- **Aim of the exercise**
Exactly as written, reproduce the lines from the beginning of the data through the line containing "V škole na Kysuciach"; the pictures are not reproduced.

- **Brief descriptive captions**
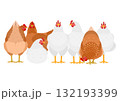 白と茶色のニワトリのグループ 白と茶色のニワトリのグループ 132193399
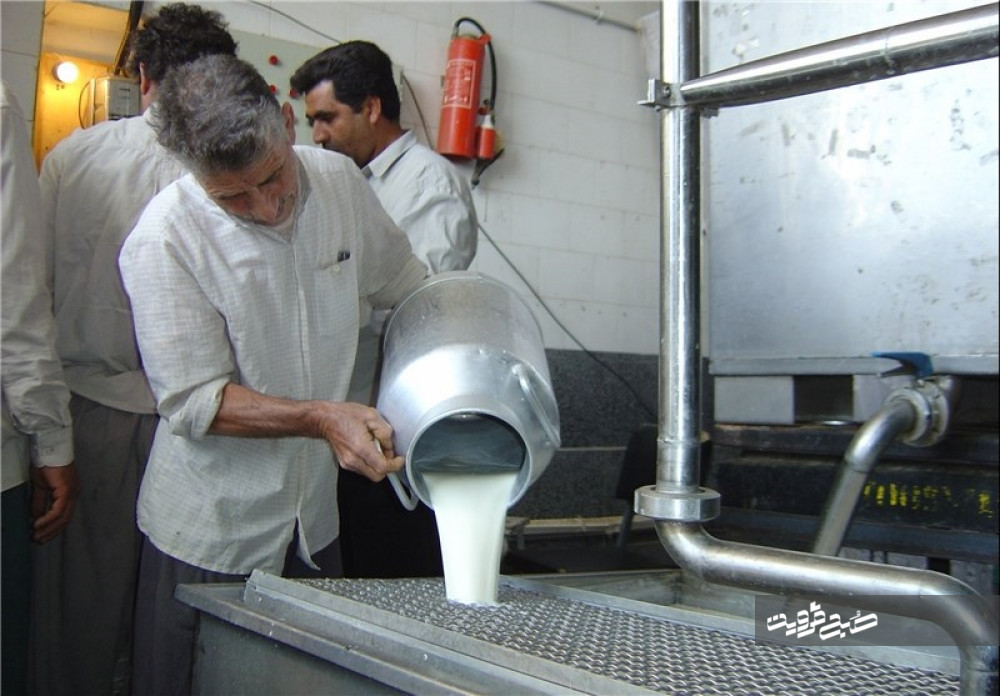 تولید شیرخام در کشور از مرز ۹ میلیون تُن گذشت/ تورم عامل افزایش قیمت گوشت و مرغ
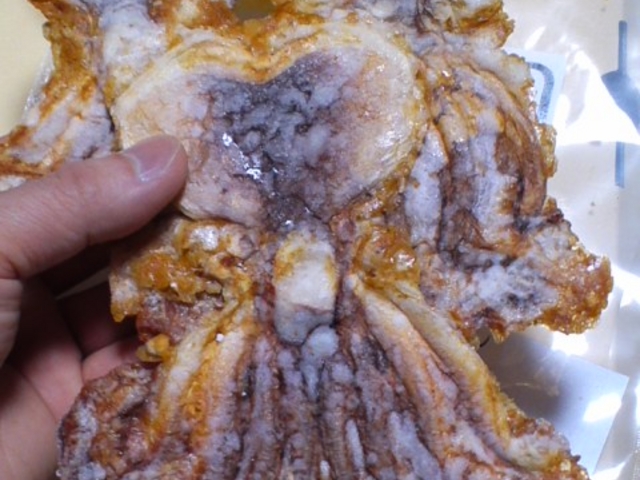 たこのぺったん焼き_えびせん家族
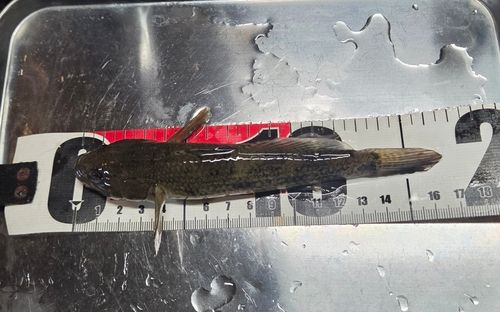 ウロハゼの釣果
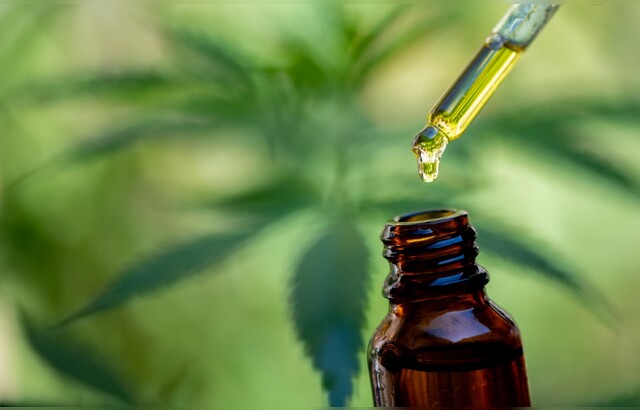 Cannabis | CBD | Senioren | Krankheiten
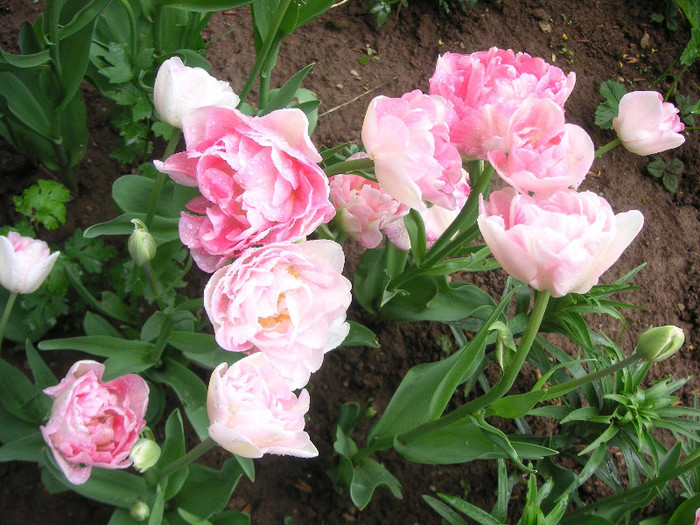 2597155760075666569KflebM_fs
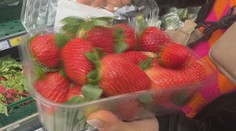 V škole na Kysuciach dostali deti jahody kontaminované žltačkou. Štát spúšťa veľkú kontrolu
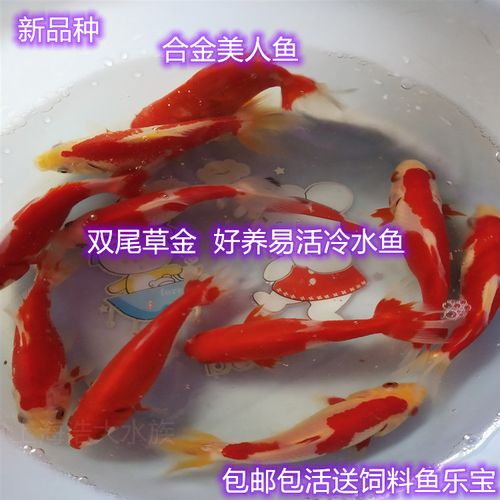合金观赏鱼活体懒人鱼活鱼双尾淡水鱼冷水好养鱼易活风水鱼招财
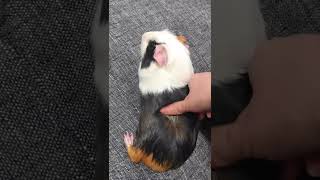 ［モルモット］マッサージされるピータンGuinea pig being massaged#shorts #guineapig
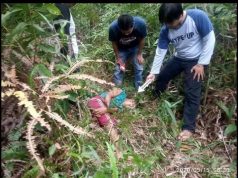Midi Ditemukan Tak Beryawa Dikebun Karet Warga Desa Belimbing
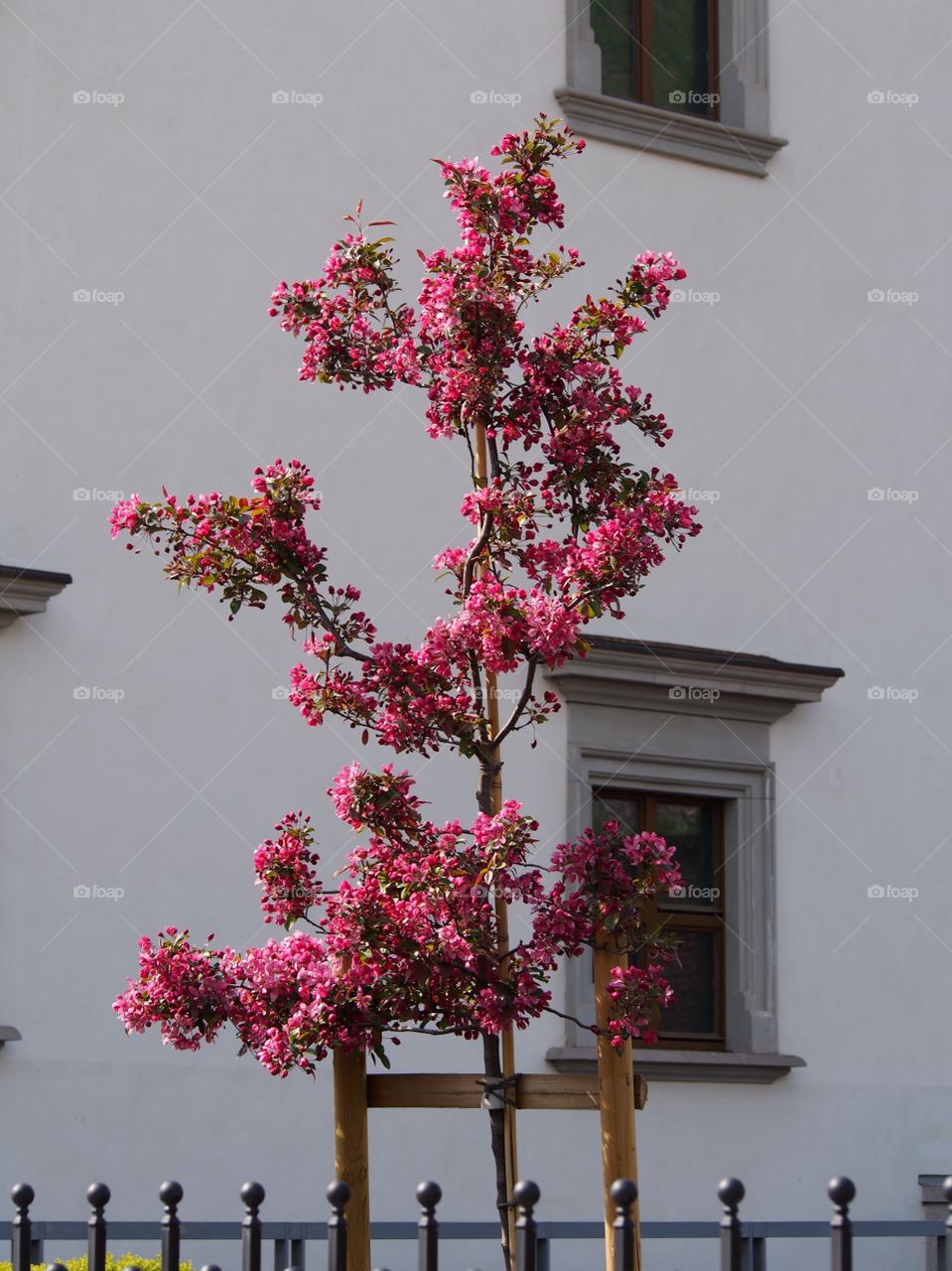 Apple tree blooming near the Royal Palace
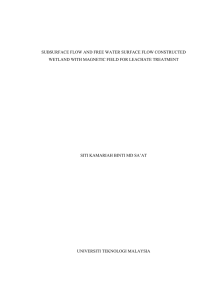 SUBSURFACE FLOW AND FREE WATER SURFACE FLOW CONSTRUCTED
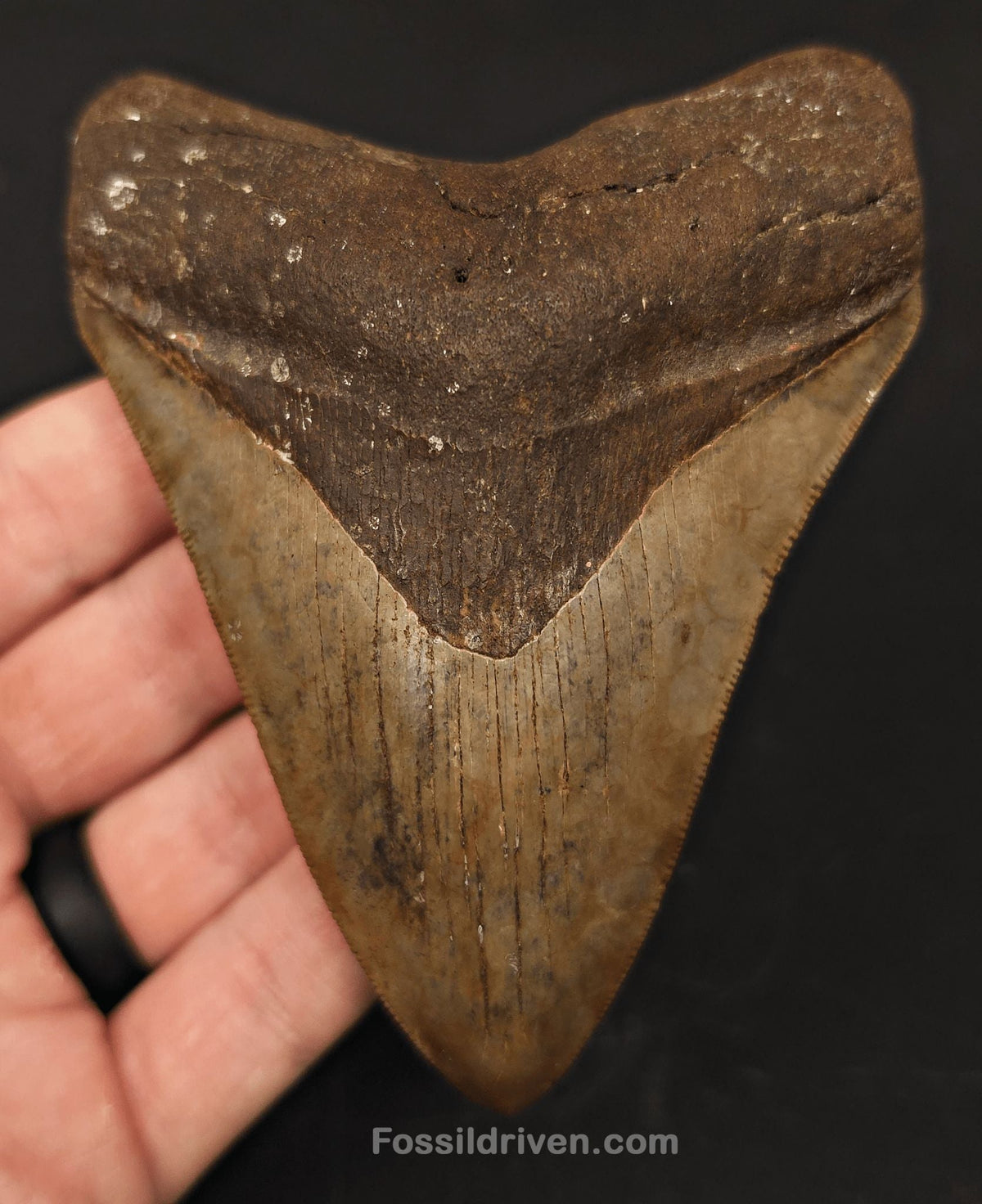 High-Quality 4.39" Megalodon Tooth - Georgia - Real Fossil Shark Tooth - Fossil Driven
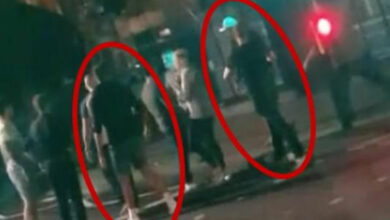 เชลวีย์มีเรื่อง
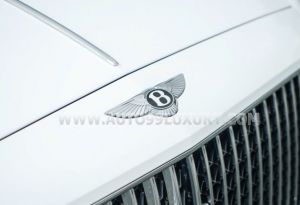Xe Bentley Flying Spur First Edition W12 2022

- **Reply**
 白と茶色のニワトリのグループ 白と茶色のニワトリのグループ 132193399
 تولید شیرخام در کشور از مرز ۹ میلیون تُن گذشت/ تورم عامل افزایش قیمت گوشت و مرغ
 たこのぺったん焼き_えびせん家族
 ウロハゼの釣果
 Cannabis | CBD | Senioren | Krankheiten
 2597155760075666569KflebM_fs
 V škole na Kysuciach dostali deti jahody kontaminované žltačkou. Štát spúšťa veľkú kontrolu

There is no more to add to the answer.